Deberíamos orar siempre, en todo lugar: en el hogar, en la calle, en el trabajo, en la escuela, en la diversión sana y, sobre todo y principalmente, ante el Sagrario. Deberíamos orar con la oración de la Virgen, el Santo Rosario, y con la oración de Acción de gracias de Jesucristo, la Santa Misa.

“Orar siempre, sin desanimarse”: como la viuda de la parábola, que acude al juez con insistencia, hasta lograr lo que quería, así debemos hacer nosotros: orar ante la Presencia de Dios, Sumo, Justo y Misericordioso Juez, hasta obtener de Dios su gracia, su perdón y su misericordia, y no deberíamos abandonar la oración hasta conseguir de Cristo Dios, crucificado por nosotros, que por su Sangre derramada en la cruz, y por los inmensos dolores que sufrió en la Pasión, se apiade de nosotros y de todo el mundo.

La humanidad vive tiempos de gran confusión, de tinieblas espirituales, de olvido del Dios Verdadero, y de adoración de los ídolos del poder, de la violencia, del placer, del hedonismo y del materialismo, y sólo la oración continua, perseverante, constante, al Cristo Eucarístico, la que surge del corazón y lleva a la imitación de Cristo y de María Virgen, puede apartar la ira divina que habrá de abatirse sobre el mundo, si el mundo no cambia.

Así lo dice la Virgen en La Salette: “Yo dirijo una llamada urgente a la tierra; llamo a los verdaderos discípulos del Dios vivo y reinante en los Cielos; llamo a los verdaderos imitadores de Cristo hecho hombre, el único y verdadero Salvador de los hombres; llamo a mis hijos, mis verdaderos devotos, a los que se han dado a Mí para que Yo los lleve a mi divino Hijo, a los que llevo, por así decir, en mis brazos, a los que han vivido de acuerdo con Mi Espíritu (…)

En fin, llamo a los apóstoles de los últimos tiempos, a los fieles discípulos de Jesucristo, a los que han vivido con desprecio del mundo y de sí mismos, en la pobreza y en la humildad, en el desdén y en el silencio, en la oración y en la mortificación, en la castidad y en la unión con Dios, en el sufrimiento y desconocidos del mundo.

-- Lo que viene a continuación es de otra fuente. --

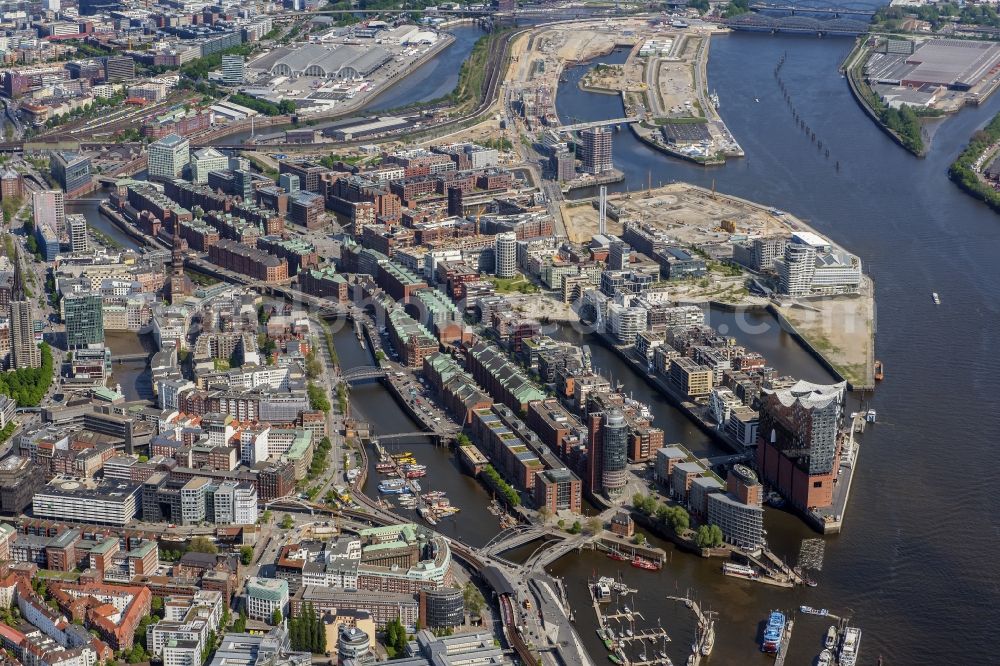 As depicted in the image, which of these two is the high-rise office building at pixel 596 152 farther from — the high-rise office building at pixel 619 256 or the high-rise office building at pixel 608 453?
the high-rise office building at pixel 608 453

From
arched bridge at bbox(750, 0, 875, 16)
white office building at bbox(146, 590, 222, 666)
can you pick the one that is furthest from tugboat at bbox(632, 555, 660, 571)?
arched bridge at bbox(750, 0, 875, 16)

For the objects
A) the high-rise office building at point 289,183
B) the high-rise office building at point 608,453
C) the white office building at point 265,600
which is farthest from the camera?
the high-rise office building at point 289,183

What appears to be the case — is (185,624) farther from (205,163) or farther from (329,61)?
(329,61)

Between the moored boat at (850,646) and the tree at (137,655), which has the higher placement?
the moored boat at (850,646)

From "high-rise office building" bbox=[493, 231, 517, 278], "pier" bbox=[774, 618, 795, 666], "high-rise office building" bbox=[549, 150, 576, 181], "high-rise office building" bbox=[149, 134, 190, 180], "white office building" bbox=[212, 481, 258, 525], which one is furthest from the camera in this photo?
"high-rise office building" bbox=[149, 134, 190, 180]

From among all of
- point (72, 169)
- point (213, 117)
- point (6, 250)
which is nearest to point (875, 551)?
point (6, 250)

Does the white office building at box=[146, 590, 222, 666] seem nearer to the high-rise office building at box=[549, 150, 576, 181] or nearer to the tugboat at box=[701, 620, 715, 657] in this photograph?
the tugboat at box=[701, 620, 715, 657]

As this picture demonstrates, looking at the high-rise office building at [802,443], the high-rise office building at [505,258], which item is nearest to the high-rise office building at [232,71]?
the high-rise office building at [505,258] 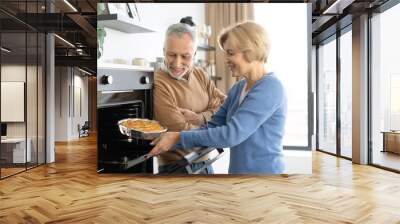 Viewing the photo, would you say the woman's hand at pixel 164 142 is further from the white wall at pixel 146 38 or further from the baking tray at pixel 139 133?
the white wall at pixel 146 38

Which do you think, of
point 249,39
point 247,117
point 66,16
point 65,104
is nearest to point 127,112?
point 247,117

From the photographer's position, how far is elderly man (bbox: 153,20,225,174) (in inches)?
198

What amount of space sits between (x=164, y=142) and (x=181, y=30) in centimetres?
137

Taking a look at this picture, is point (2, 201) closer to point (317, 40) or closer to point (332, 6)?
point (332, 6)

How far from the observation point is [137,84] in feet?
16.8

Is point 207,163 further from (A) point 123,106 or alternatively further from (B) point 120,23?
(B) point 120,23

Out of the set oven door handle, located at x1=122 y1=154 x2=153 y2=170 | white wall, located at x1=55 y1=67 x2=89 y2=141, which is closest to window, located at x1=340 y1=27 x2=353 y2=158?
oven door handle, located at x1=122 y1=154 x2=153 y2=170

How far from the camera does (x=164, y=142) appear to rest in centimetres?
501

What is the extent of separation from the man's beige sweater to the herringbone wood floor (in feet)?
2.26

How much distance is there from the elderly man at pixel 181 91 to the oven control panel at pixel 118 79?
230 millimetres

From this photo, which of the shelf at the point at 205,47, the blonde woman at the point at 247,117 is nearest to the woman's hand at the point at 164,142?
the blonde woman at the point at 247,117

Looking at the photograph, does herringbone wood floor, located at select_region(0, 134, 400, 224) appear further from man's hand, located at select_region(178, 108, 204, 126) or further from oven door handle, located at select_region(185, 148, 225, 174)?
man's hand, located at select_region(178, 108, 204, 126)

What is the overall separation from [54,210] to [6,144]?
246 cm

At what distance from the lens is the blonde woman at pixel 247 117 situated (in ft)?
15.7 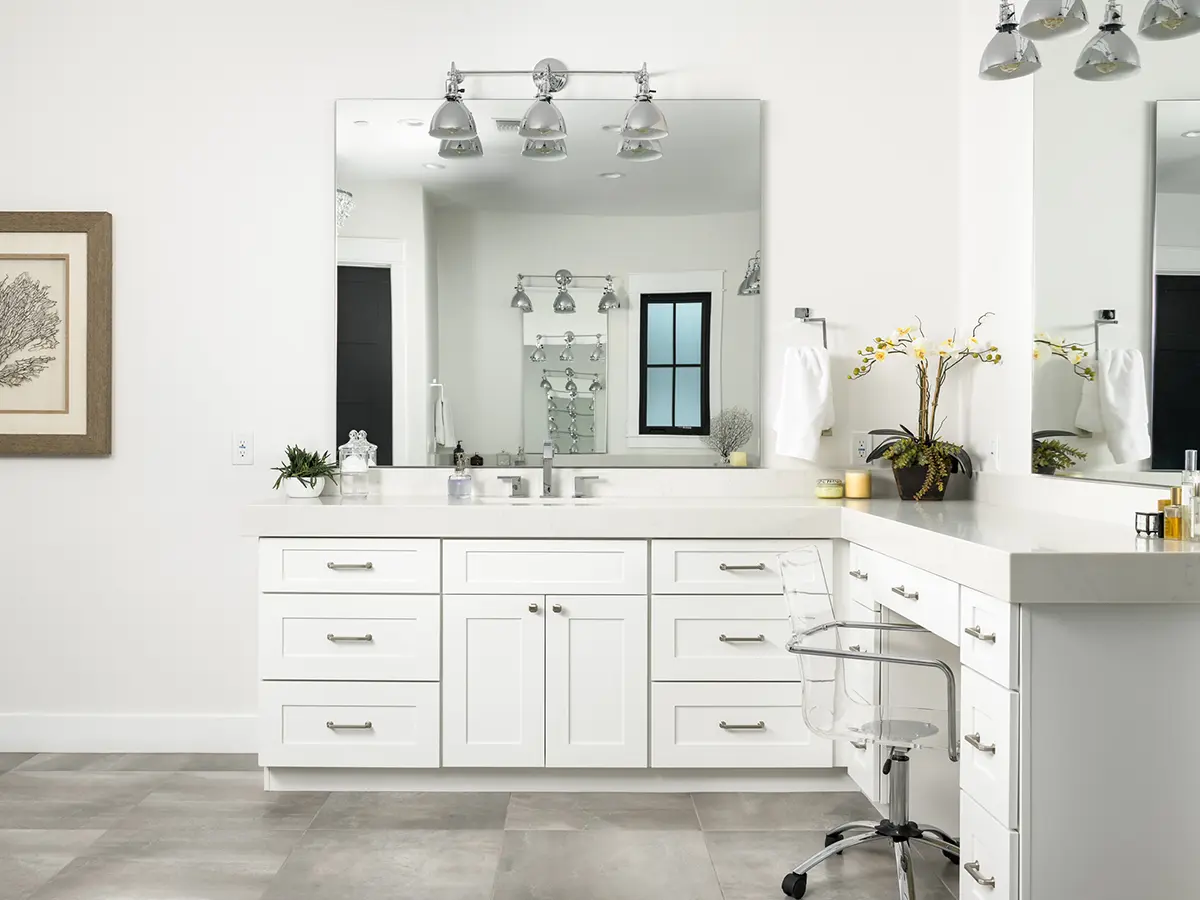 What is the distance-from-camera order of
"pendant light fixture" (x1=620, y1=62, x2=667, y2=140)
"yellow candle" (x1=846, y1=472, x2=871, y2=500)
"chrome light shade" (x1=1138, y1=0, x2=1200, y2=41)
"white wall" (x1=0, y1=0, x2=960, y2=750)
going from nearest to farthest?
"chrome light shade" (x1=1138, y1=0, x2=1200, y2=41) < "pendant light fixture" (x1=620, y1=62, x2=667, y2=140) < "yellow candle" (x1=846, y1=472, x2=871, y2=500) < "white wall" (x1=0, y1=0, x2=960, y2=750)

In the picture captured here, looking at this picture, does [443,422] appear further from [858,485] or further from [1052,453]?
[1052,453]

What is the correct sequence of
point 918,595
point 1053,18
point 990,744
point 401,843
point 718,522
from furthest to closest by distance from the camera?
point 718,522
point 401,843
point 918,595
point 1053,18
point 990,744

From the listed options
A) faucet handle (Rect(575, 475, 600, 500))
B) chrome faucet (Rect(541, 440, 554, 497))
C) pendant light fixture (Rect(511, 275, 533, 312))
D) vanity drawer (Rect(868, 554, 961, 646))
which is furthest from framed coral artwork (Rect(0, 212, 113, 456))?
vanity drawer (Rect(868, 554, 961, 646))

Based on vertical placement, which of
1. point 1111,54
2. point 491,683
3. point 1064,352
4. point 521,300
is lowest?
point 491,683

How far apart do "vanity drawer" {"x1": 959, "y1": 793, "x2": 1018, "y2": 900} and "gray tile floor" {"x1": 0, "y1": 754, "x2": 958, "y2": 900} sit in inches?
16.5

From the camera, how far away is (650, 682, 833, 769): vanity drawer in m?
2.91

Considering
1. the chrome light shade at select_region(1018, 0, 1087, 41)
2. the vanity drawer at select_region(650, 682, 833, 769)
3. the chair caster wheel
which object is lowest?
the chair caster wheel

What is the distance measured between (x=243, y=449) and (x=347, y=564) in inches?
29.5

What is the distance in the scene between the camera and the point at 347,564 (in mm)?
2904

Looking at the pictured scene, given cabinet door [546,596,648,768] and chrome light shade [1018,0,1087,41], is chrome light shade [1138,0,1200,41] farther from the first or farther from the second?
cabinet door [546,596,648,768]

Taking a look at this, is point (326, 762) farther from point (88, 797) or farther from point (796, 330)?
point (796, 330)

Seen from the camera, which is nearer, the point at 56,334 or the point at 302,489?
the point at 302,489

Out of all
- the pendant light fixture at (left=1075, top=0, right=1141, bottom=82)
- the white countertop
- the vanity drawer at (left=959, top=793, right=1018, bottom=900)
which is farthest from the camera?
the pendant light fixture at (left=1075, top=0, right=1141, bottom=82)

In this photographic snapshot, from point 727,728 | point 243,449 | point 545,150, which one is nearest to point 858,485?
point 727,728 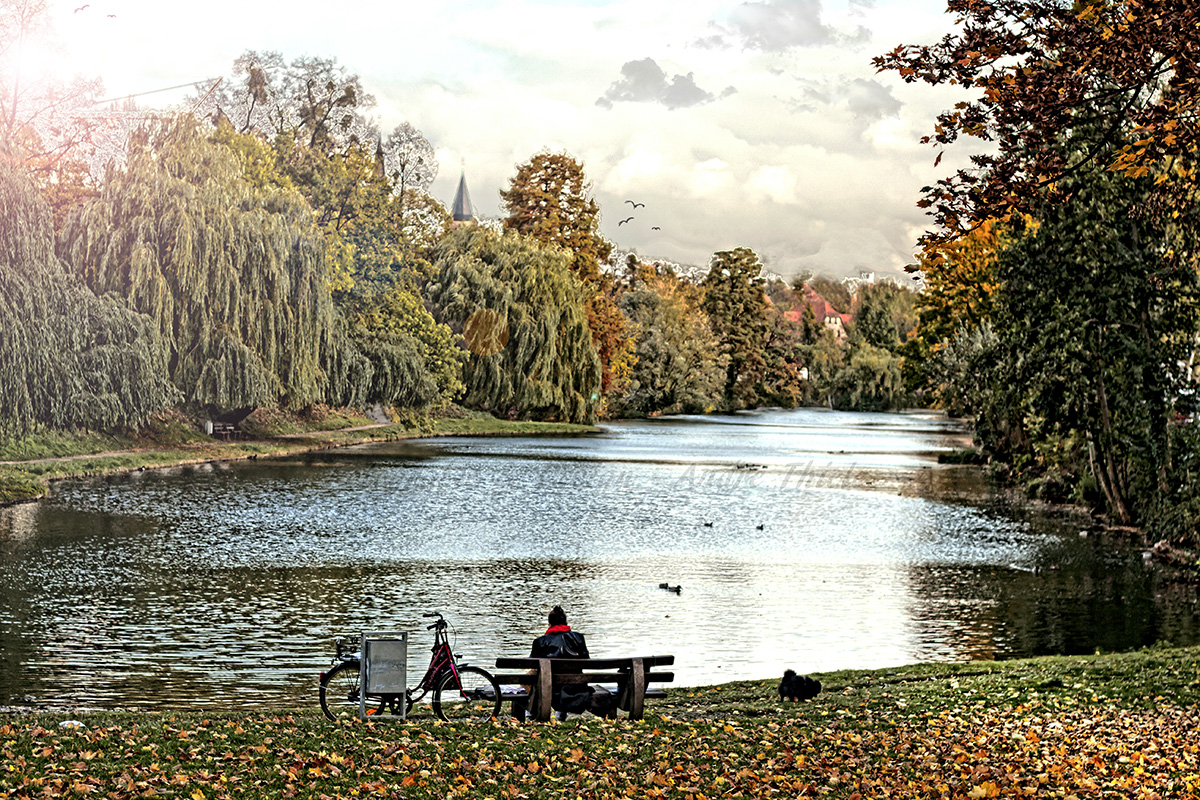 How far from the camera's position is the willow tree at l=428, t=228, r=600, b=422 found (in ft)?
199

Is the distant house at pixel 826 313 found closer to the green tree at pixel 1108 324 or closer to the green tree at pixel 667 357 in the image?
the green tree at pixel 667 357

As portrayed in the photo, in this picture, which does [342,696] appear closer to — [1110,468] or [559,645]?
[559,645]

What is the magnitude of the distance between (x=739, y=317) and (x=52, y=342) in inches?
3431

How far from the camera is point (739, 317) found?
111375 millimetres

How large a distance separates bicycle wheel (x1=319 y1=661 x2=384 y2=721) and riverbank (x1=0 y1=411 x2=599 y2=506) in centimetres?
1756

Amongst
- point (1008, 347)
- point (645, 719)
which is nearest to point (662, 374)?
point (1008, 347)

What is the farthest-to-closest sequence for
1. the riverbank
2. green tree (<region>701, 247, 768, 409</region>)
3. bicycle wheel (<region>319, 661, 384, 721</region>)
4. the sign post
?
green tree (<region>701, 247, 768, 409</region>) < the riverbank < bicycle wheel (<region>319, 661, 384, 721</region>) < the sign post

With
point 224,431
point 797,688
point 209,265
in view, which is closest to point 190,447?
point 224,431

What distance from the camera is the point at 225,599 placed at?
16.6 m

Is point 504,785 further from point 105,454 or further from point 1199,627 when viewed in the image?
point 105,454

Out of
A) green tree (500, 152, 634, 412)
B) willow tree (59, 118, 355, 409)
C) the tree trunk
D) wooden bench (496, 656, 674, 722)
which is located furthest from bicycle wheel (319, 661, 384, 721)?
green tree (500, 152, 634, 412)

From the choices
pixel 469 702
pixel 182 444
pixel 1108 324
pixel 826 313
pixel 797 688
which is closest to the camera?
pixel 797 688

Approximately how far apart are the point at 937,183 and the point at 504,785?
17.7ft

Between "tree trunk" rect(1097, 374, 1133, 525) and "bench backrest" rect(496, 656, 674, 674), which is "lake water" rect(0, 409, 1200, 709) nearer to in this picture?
"tree trunk" rect(1097, 374, 1133, 525)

Es tiempo ya que ellos salgan y vengan a iluminar la tierra; id y mostraos como mis amados hijos; yo estoy con vosotros y en vosotros, siempre la fe sea la luz que os ilumine los días de infortunio. Que vuestro celo os haga como hambrientos de la gloria y el honor de Jesucristo. Combatid, hijos de la luz, vosotros, los pocos que pueden ver, porque he aquí el tiempo de los tiempos, el fin de los fines (…) Todo el universo será presa del terror, y muchos se dejarán seducir porque no habrán adorado al verdadero Cristo que vive entre ellos. Este es el momento: el sol se oscurece; solamente la fe subsistirá”.

Para no dejarse seducir y engañar por el falso cristo que está por venir, es necesario adorar al Verdadero y Único Cristo, el Cristo Eucarístico.

Sólo de Él viene la luz que vence a las tinieblas del infierno, y a Él, al Cristo Eucarístico, debe dirigirse nuestra oración y nuestra adoración continua, de día y de noche.


[1] Cfr. Santa Teresa de Ávila, Las Moradas del castillo interior, 5, 3, 11.